If the pitot heat results in only “slightly warm” during the preflight check, due to an end of life battery, there is probably no safety of flight concern about pitot heat, as the battery probably lacks the energy required to get the engine running to go flying at all! If the pitot heat does not become too hot to touch after having time to warm up, something is not airworthy.

Home runway, in central Ontario, Canada, Canada

A_and_C wrote:

Slightly warm is usualy a good indication that the battery is at the end of its life not problems with the pitot heater.

No matter what the power source is, the pitot will be “slightly warm” before it is “very warm”. As Pilot_DAR writes, there is no need to wait until it is hot.

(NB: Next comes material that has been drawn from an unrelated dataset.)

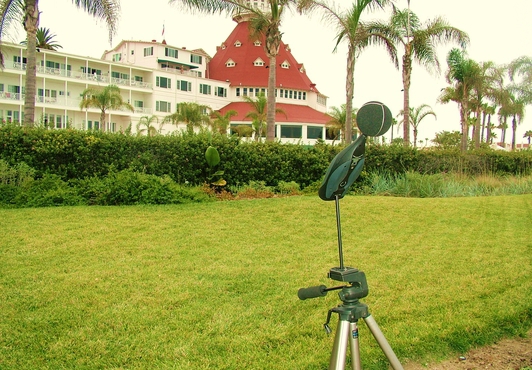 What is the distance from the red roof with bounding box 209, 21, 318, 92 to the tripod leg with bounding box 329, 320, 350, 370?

ESKC (Uppsala/Sundbro), Sweden

Peter wrote:

I wonder if there are different grades of pitot heaters.

Yes, there is. E.g. for Cessna P210, there are two P/N. One is the “high temperature” one, and is installed on the ones that are/were certified as FIKI from the factory. The other is the “normal” one.

ELLX

Peter wrote:

I wonder if there are different grades of pitot heaters. Mine draws 5A at 24V which is obviously a lot more heat than 5A at 12V.

AFAIK, there are different versions with one (2-wire) or two (3-wire) heater coils.

@Ultranomad yes I tried your suggestion on ground/air, I get a change of Ammeter reading on battery only from pitot ON/OFF but it is so low that it will be hard to detect in rough air but would work on smooth air…

Probably the only reliable alternatives are from aircraft attitude/power performance

Last Edited by Ibra at 21 Feb 14:36
Paris/Essex, France/UK, United Kingdom

Ibra, yes, on conventional needle ammeters it may be just a slight move. On the other hand, on digital ones (e.g. on a G1000, which shows battery current with 0.1 A resolution) it’s very obvious.

LKBU (near Prague), Czech Republic

Ibra wrote:

Probably the only reliable alternatives are from aircraft attitude/power performance

??

On the other hand, on digital ones (e.g. on a G1000, which shows battery current with 0.1 A resolution) it’s very obvious.

Yes, provided you understand how the ammeter is wired into the electrical system, and interpret the indication in the context of how it’s wired. Pages 4 and 5 of the Electronics International manual below describe the different ways to wire a digital ammeter in, and how to operate it depending on its connection. Understanding this will assure that a “no indication” on a digital ammeter is not mistaken for a non functioning electrical consumer, because the observer is misunderstanding the wiring.

https://buy-ei.com/wp-content/uploads/OI-II-VA-1A-OLD-1.pdf

local copy

Home runway, in central Ontario, Canada, Canada

Ibra wrote:

How one does check the pitot heat
It’s part of the daily preflight check on our PA28s.
arj1 wrote:
It warms up to really hot if you wait, but you usually don’t wait that much so as not to drain the battery…
or fry the heating element. The pitot heat is set to be hot enough at cruising speed, one the ground it gets too hot to touch.
Ultranomad wrote:
one method that would work … is comparing ammeter
That’s actually how we check the alternator is working. At idle on the ground the pitot heat is the single largest electric load you can easily turn on and off. The needle moves more than a little.
ESMK, Sweden

As mentioned, unless it is capable of getting very hot, it’s not going to be much use in anger.
If there was a poor connection that may affect performance.
If a battery is in good condition there should be zero risk of leaving the Pitot heat on to check it gets hot, not just warm.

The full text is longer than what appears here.